Hydrogen-induced cracking and blistering in steels: A review

This paper presents a review of the current state of scientific understanding of the corrosion phenomenon known as Hydrogen-Induced Cracking (HIC). HIC is defined as cracking in low-to medium-strength steels where cracking is driven by the precipitation of gaseous hydrogen molecules within the crack, which typically occurs in sour (H2S containing) environments. It is a complicated phenomenon, encompassing a surface reaction for hydrogen uptake, hydrogen diffusion to vulnerable microstructural sites, hydrogen gas precipitation creating an incipient crack, and crack growth driven by hydrogen gas pressure within the crack. While HIC has been studied for decades, understanding of the critical factors controlling each step of the phenomenon has been elusive.
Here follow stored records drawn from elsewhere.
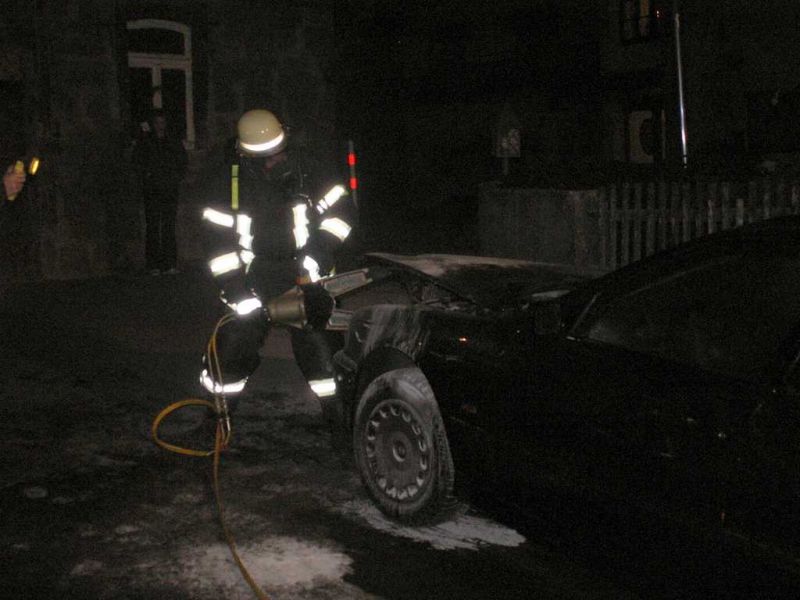Feuerwehrmann öffnet Motorhaube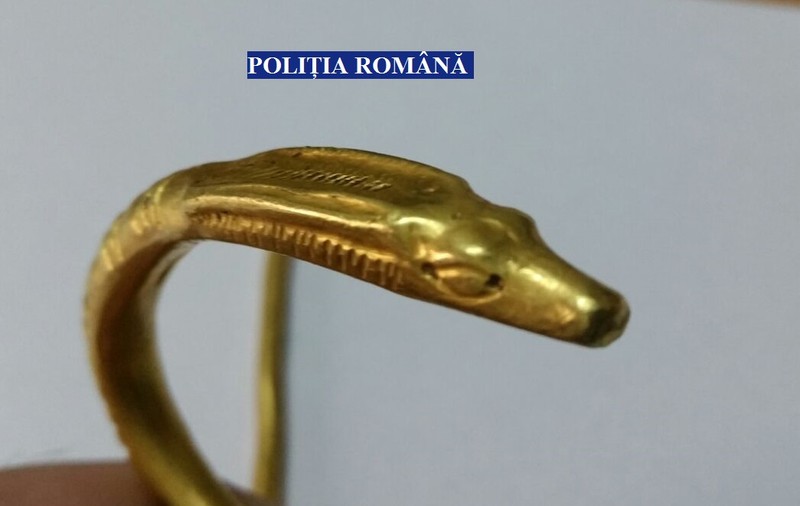 Brăţara dacică descoperită în judeţul Olt este autentică. Bărbatul care a găsit-o e cercetat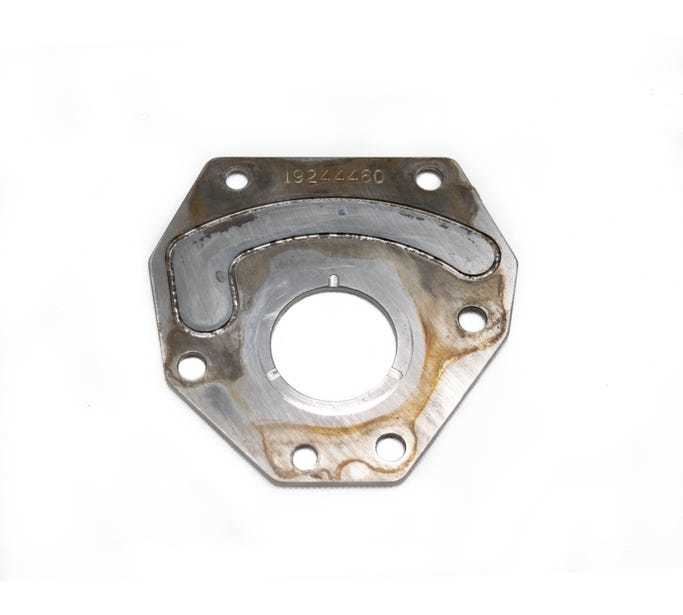 Chevrolet Performance Parts Engine Component Camshaft Retainer Plate LSX Block 19244460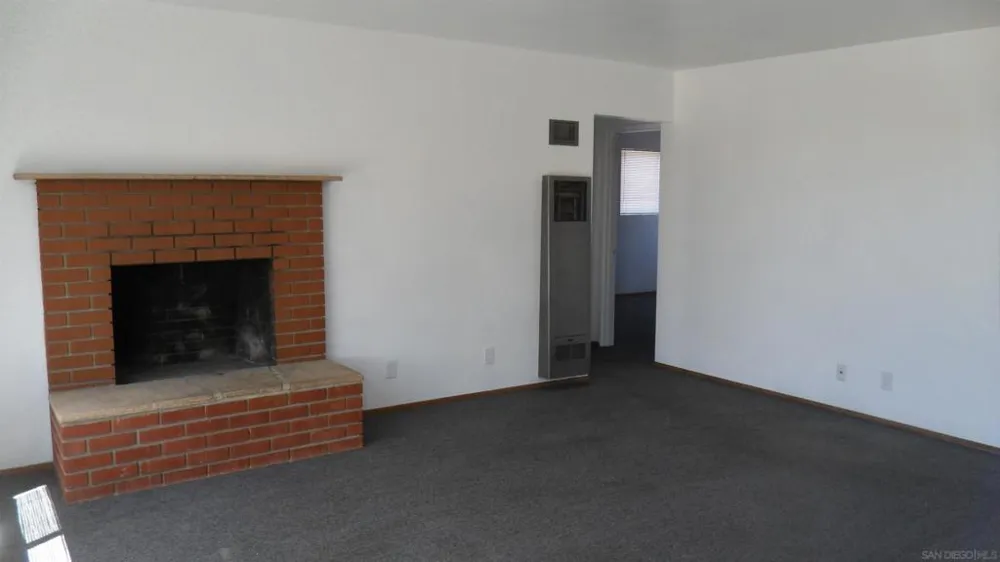 945 E J St. Chula Vista, CA 91910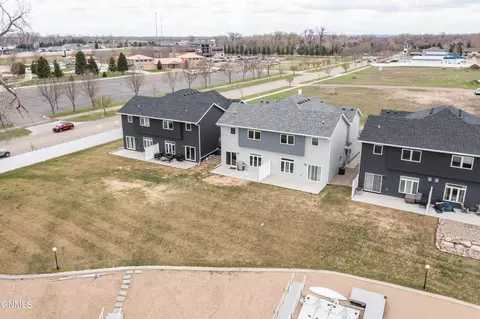 View/Area - 2425 Water Park Loop SE, Mandan, ND 58554 photo 3 of 8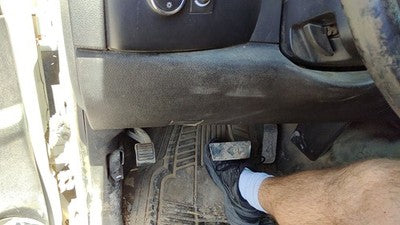 2007 08 Silverado 2500 Lower Dash Under Column Knee Bolster Trim Panel Ebony 19D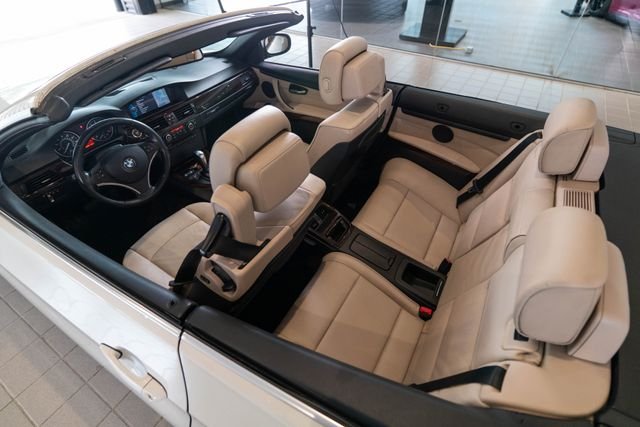 Used 2012 White BMW 335i image 14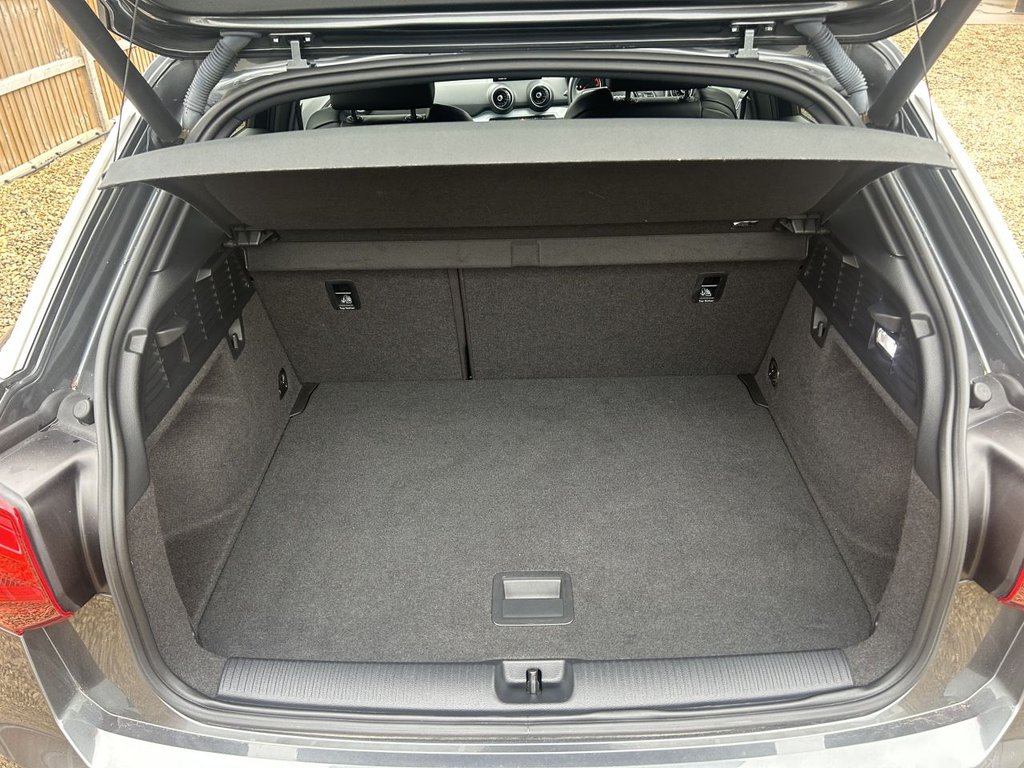 Used Audi Q2 2019 for sale - 76434476: Photo 9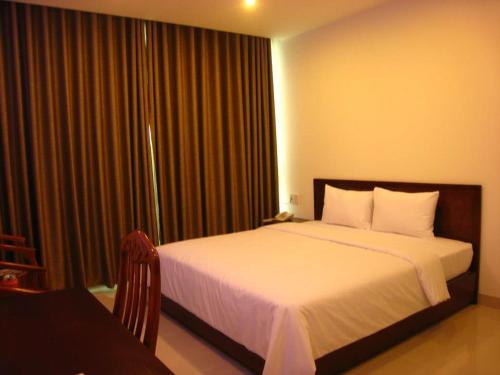 Giường trong phòng chung tại Apogee Hotel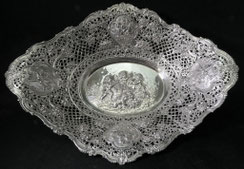 Große Silberschale, Durchbruchkorb, Putten, 800er Silber, 705 g. 41,8 x 31,5 cm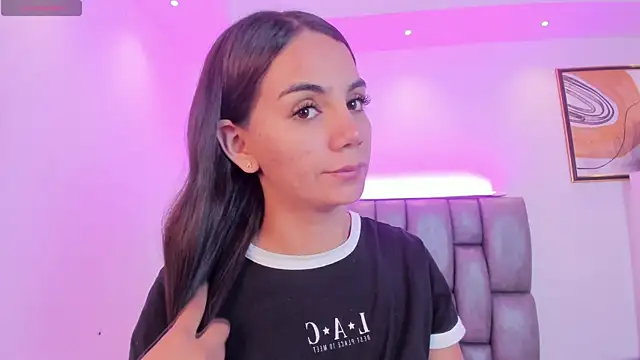 Snapshot of martina_mancini chatting on January 14, 2026, 12:00 pm martina mancini online show from January 14, 2026, 12:00 pm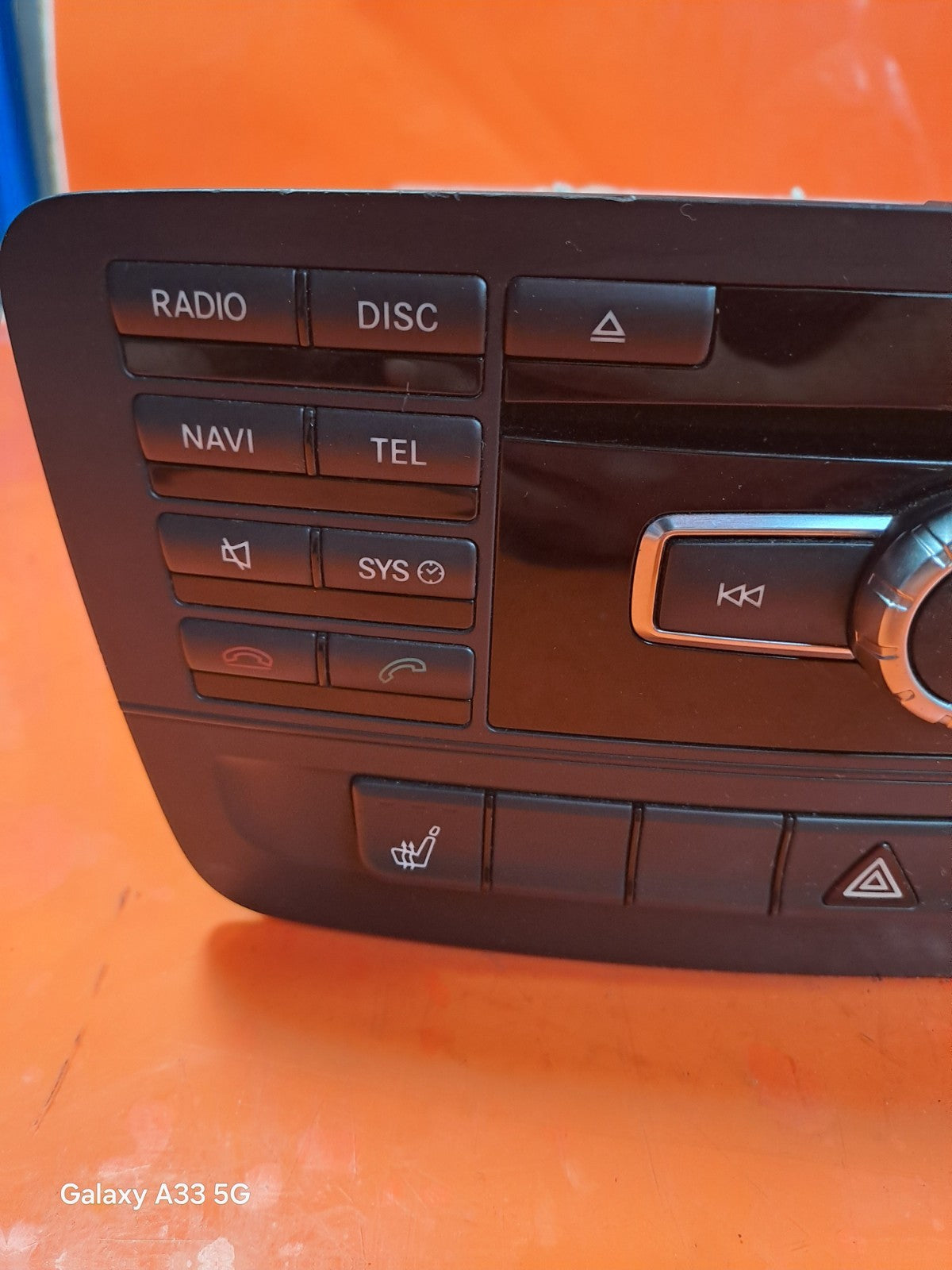 ✅MERCEDES W176 A180 1.6 PETROL 2012 STEREO RADIO CD PLAYER SAT NAV HEAD UNIT - Image 3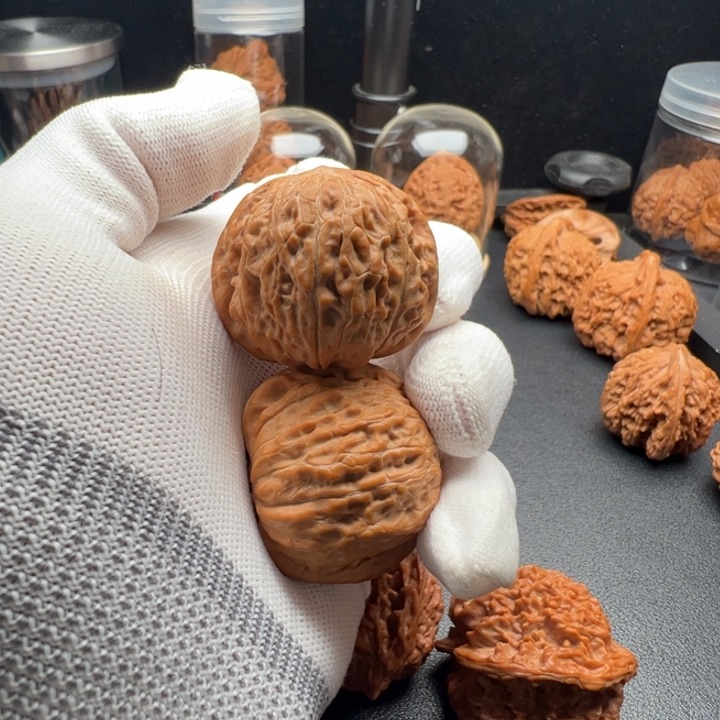 文玩核桃把件39全品铁锤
The maturation of many characterization techniques gives hope that a full mechanistic understanding may occur in the near future.

Automated summary

This paper presents a review of the current state of scientific understanding of Hydrogen-Induced Cracking (HIC), a corrosion phenomenon in low-to medium-strength steels driven by the precipitation of gaseous hydrogen molecules within cracks. HIC is typically observed in sour (H2S containing) environments and involves multiple steps including hydrogen uptake, diffusion, precipitation, and crack growth driven by hydrogen gas pressure. Despite decades of study, a full mechanistic understanding of HIC remains elusive, but the maturation of characterization techniques offers hope for future advancements.